= Traditional knowledge GIS =

Traditional knowledge Geographic Information Systems (GIS) is a toolset of systems designed to document and utilize traditional knowledge from communities around the world. Traditional knowledge GIS differ from ordinary cognitive maps in that they express environmental and spiritual relationships among real and conceptual entities. This toolset focuses on cultural preservation, land rights disputes, natural resource management, and economic development.

Traditional knowledge GIS analyze the nature of political and social struggles that lead to competing resource claims. They are powerful tools for mediation and negotiation among coexisting social groups.

==Technical aspects==

Traditional knowledge GIS employs cartographic and database management techniques such as participatory GIS, map biographies, and historical mapping.
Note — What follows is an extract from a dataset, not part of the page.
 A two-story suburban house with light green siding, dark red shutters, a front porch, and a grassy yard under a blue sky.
Participatory GIS encourages public involvement in all aspects of a GIS, and is widely accepted as necessary for sound environmental and economic planning in developing areas. This method incorporates sacred sites and traditional land use practices into scientific analysis. Participatory GIS can be effective for local resource management and planning, but researchers doubt its efficacy as a tool in attaining land tenure or fighting legal battles because of lack of expertise among local individuals and lack of access to technology.

Map biographies track the practices of local communities either for the sake of preservation or to argue for resource protection or land grants. This also allows for the recording and playing of oral histories and representations of abstract ecological knowledge.
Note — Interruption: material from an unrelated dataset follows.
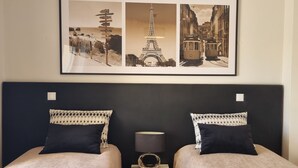Een hotelkamer met een bed, twee kussens, een nachtkastje, een lamp en een ingelijst foto boven het bed.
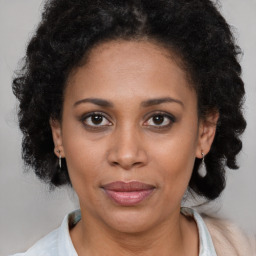 Joyful latino adult female with medium  brown hair and brown eyes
Historical mapping analyzes and documents events that are meaningful to a particular tradition or locale. Cultural and humanitarian benefits can be derived from including maps in the historical record of an area.

==Cultural preservation==

As adherents to traditional lifestyles decline in population, a degree of urgency has developed around the collection of data and wisdom from aging local elders. A central feature of cultural preservation is language revitalization. Bilingual visual and auditory maps depict oral traditions and historical information in places of cultural significance at various scales and levels of detail.

Researchers encounter significant obstacles to data acquisition due to the sensitive nature of much of the data sought for a traditional knowledge GIS, and locals may distrust the motives of outside consultants.
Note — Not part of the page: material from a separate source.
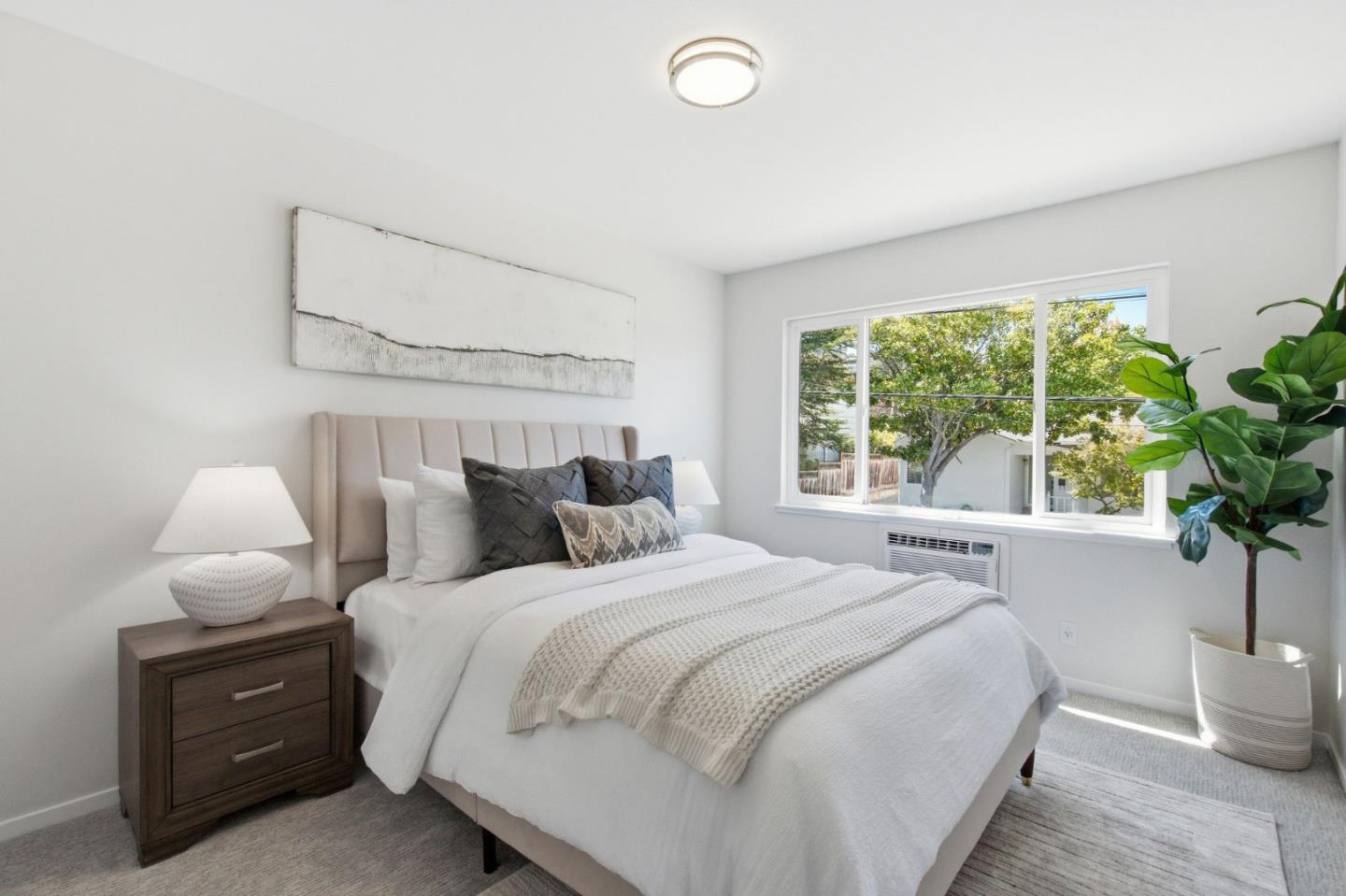 Staged bedroom with a large white bed, upholstered headboard, and wide window overlooking trees.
==Land rights and natural resource management==

Traditional knowledge GIS can influence debates over land rights and resource management in ecologically sensitive areas. The interests of local residents in these regions often conflict with those of migrant workers, state conservation units, and domestic and foreign mining or logging enterprises. GIS hardware and software are used to identify spatial trends in interpreting these conflicts.

==Economic development==

Economic development through traditional knowledge GIS is subject to local ownership over the systems and full access to relevant data and training. This situation is rare outside of industrialized nations, so little progress has been made in this field of research.

==Current issues and effectiveness==

There is a disparate nature to implementations of traditional knowledge GIS across geographies. Though developing nations utilize some forms of participatory GIS, their communities are less likely to gain access to expensive databases and cartographic methods compared to those in developed nations.

The overall effectiveness of traditional knowledge GIS has not been conclusively determined. Those who advocate for traditional mapping cite successes in acquiring land titles, managing local databases, and creating new skill sets for local communities worldwide. However, detractors cite cost, the need for specialized training, and cultural differences as reasons GIS may be inappropriate for these applications.

==Software==
===No cost or open-source software===
The Nunaliit Atlas Framework was developed by and is maintained by the Geomatics and Cartographic Research Centre at Carleton University. The focus of this software is to create community atlas projects.

===Commercial software===
The CEDAR tool has a number of modules focused on contact relationship management, consultation for development projects, heritage projects and GIS.

The LOUIS toolkit is a suite of tools for recording, managing and using traditional land use and traditional knowledge information.